Stored items
########################################

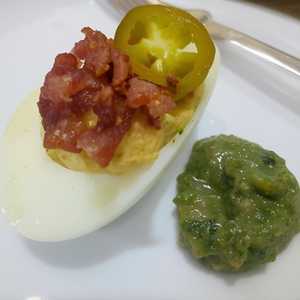 Smoked Deviled Egg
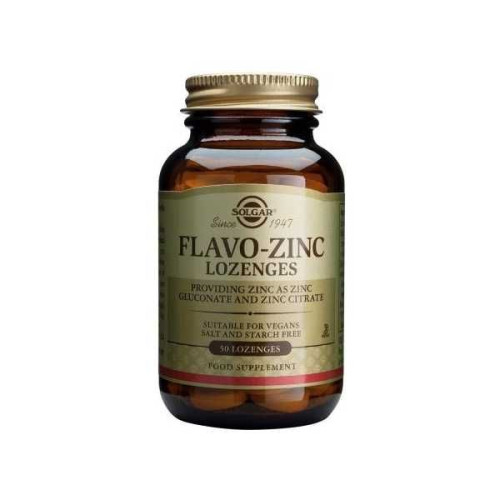 Solgar Flavo-Zinc Flavo Zinc 23 mg for Strong Immunity and Rapid Growth 50 Tablets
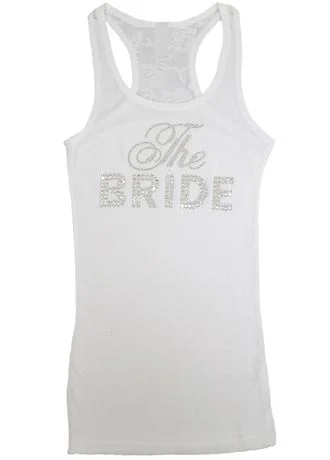 DB Exclusive The Bride Lace Racerback Tank
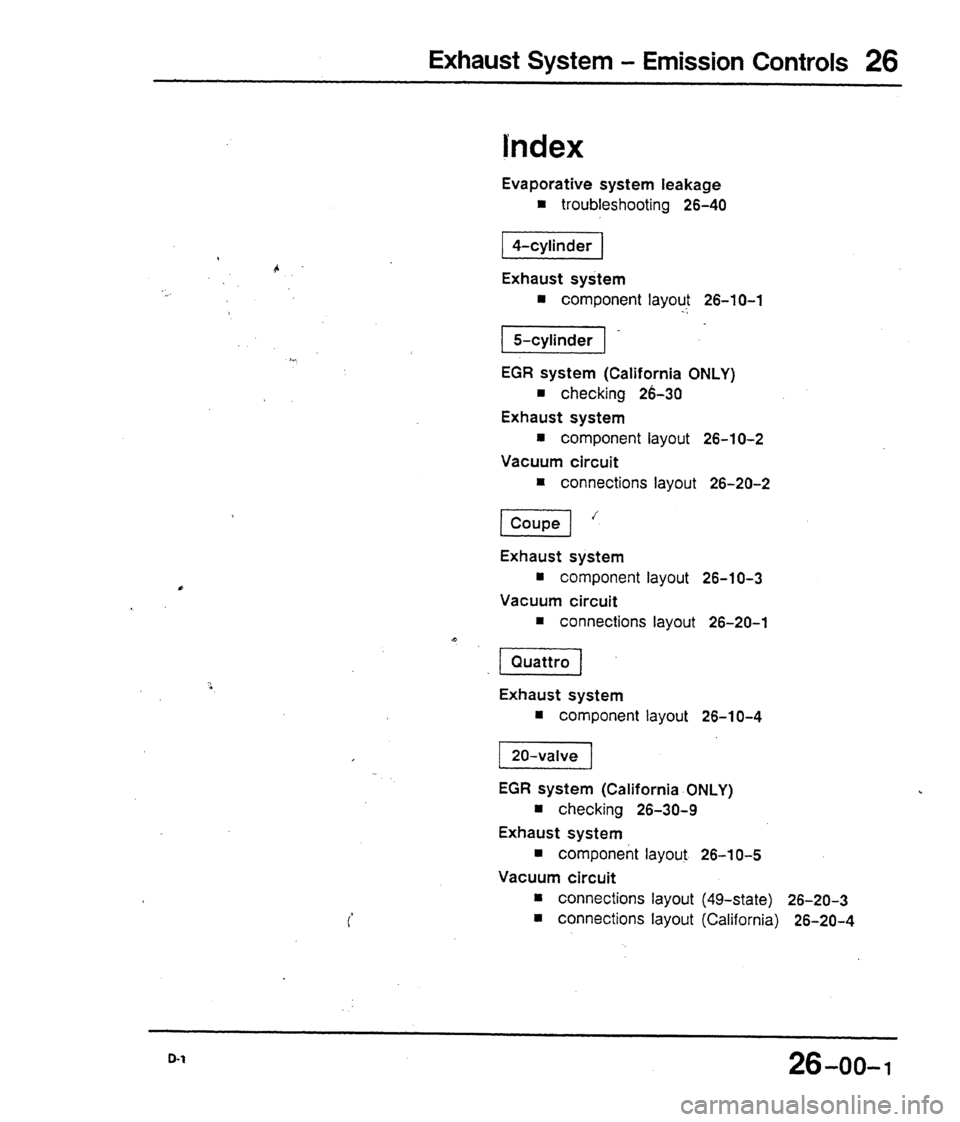 AUDI 80 90 COUPE 1988 Service Repair Manual AUDI 80 90 COUPE 1988 Service Repair Manual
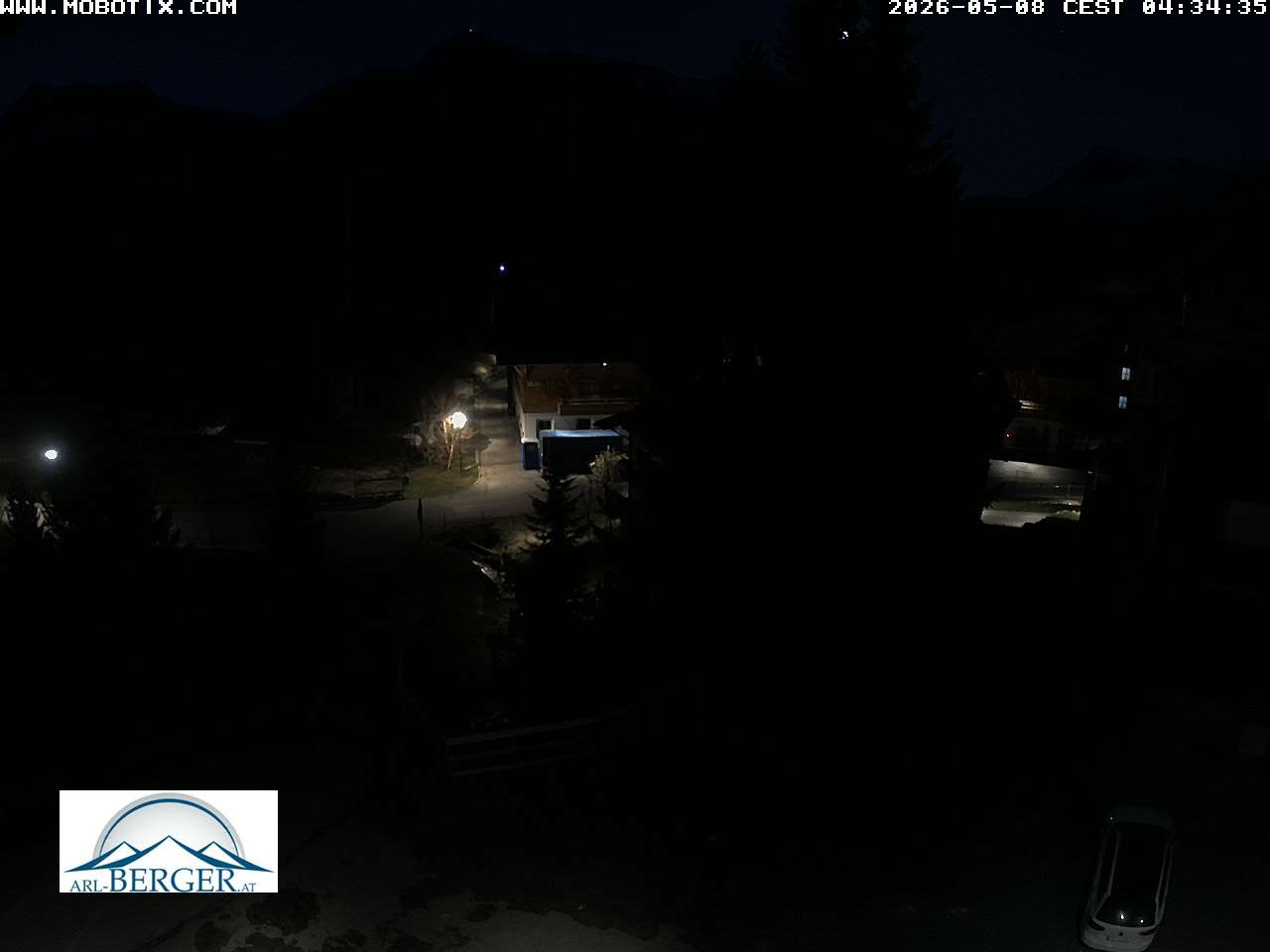 Archiv Foto Webcam Oberlech: Pension Berger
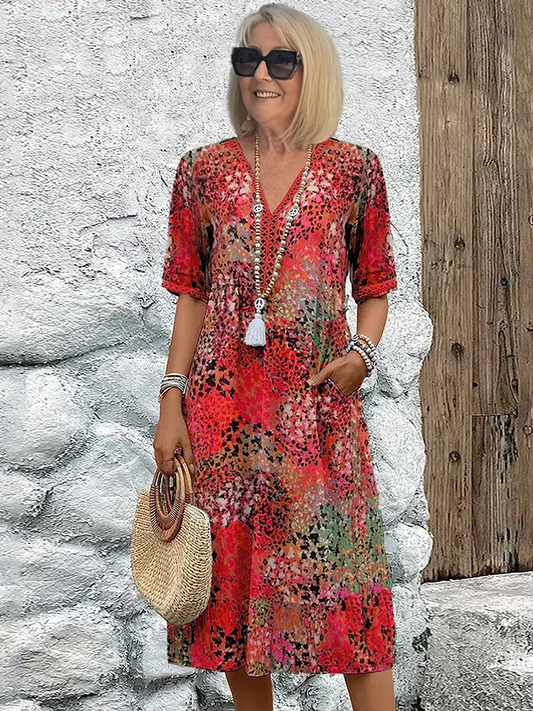 Vestido Midi Vibrante Elegante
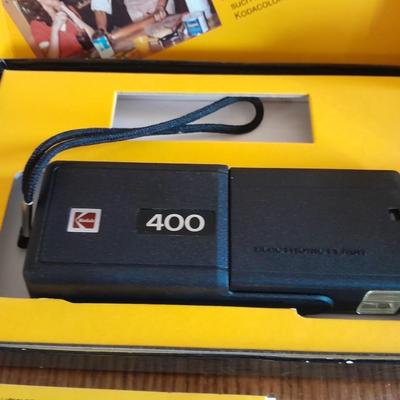 Kodak Ektralite 400 10mm camera with box and Vivitar PS44 35 mm Camera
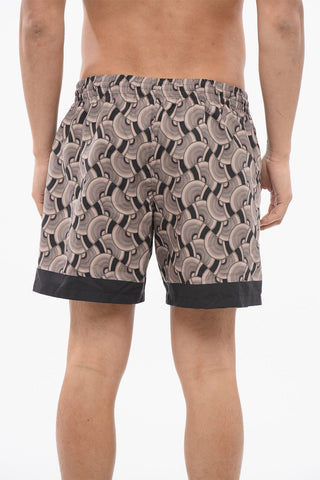 Geometric Patterned PHIBBS Swim Shorts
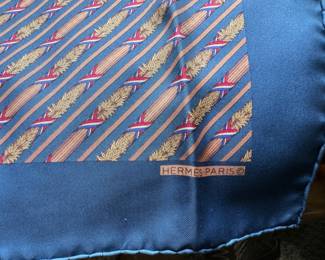 Hermes pocket square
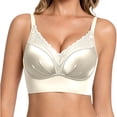 thumbnail image 2 of Afdoent Bras for Women Lace Push Up Racerback Bra Adjustable Straps Wirefree Seamless Comfy Everyday Bra, 2 of 5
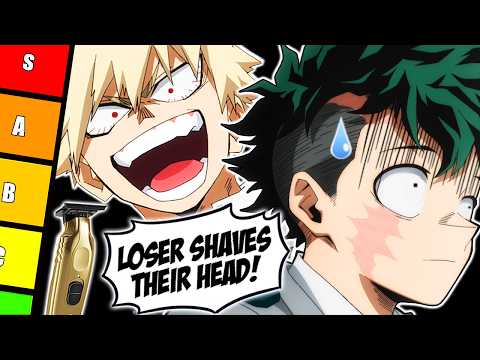Ranking My Hero Academia Characters at a PARTY?! 🥳 | MHA Tier List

########################################

• _Assignment_:
Print out every entry above without changing a word, and leave out the pictures.

• _Solved problem_:
 Smoked Deviled Egg
 Solgar Flavo-Zinc Flavo Zinc 23 mg for Strong Immunity and Rapid Growth 50 Tablets
 DB Exclusive The Bride Lace Racerback Tank
 AUDI 80 90 COUPE 1988 Service Repair Manual AUDI 80 90 COUPE 1988 Service Repair Manual
 Archiv Foto Webcam Oberlech: Pension Berger
 Vestido Midi Vibrante Elegante
 Kodak Ektralite 400 10mm camera with box and Vivitar PS44 35 mm Camera
 Geometric Patterned PHIBBS Swim Shorts
 Hermes pocket square
 thumbnail image 2 of Afdoent Bras for Women Lace Push Up Racerback Bra Adjustable Straps Wirefree Seamless Comfy Everyday Bra, 2 of 5
Ranking My Hero Academia Characters at a PARTY?! 🥳 | MHA Tier List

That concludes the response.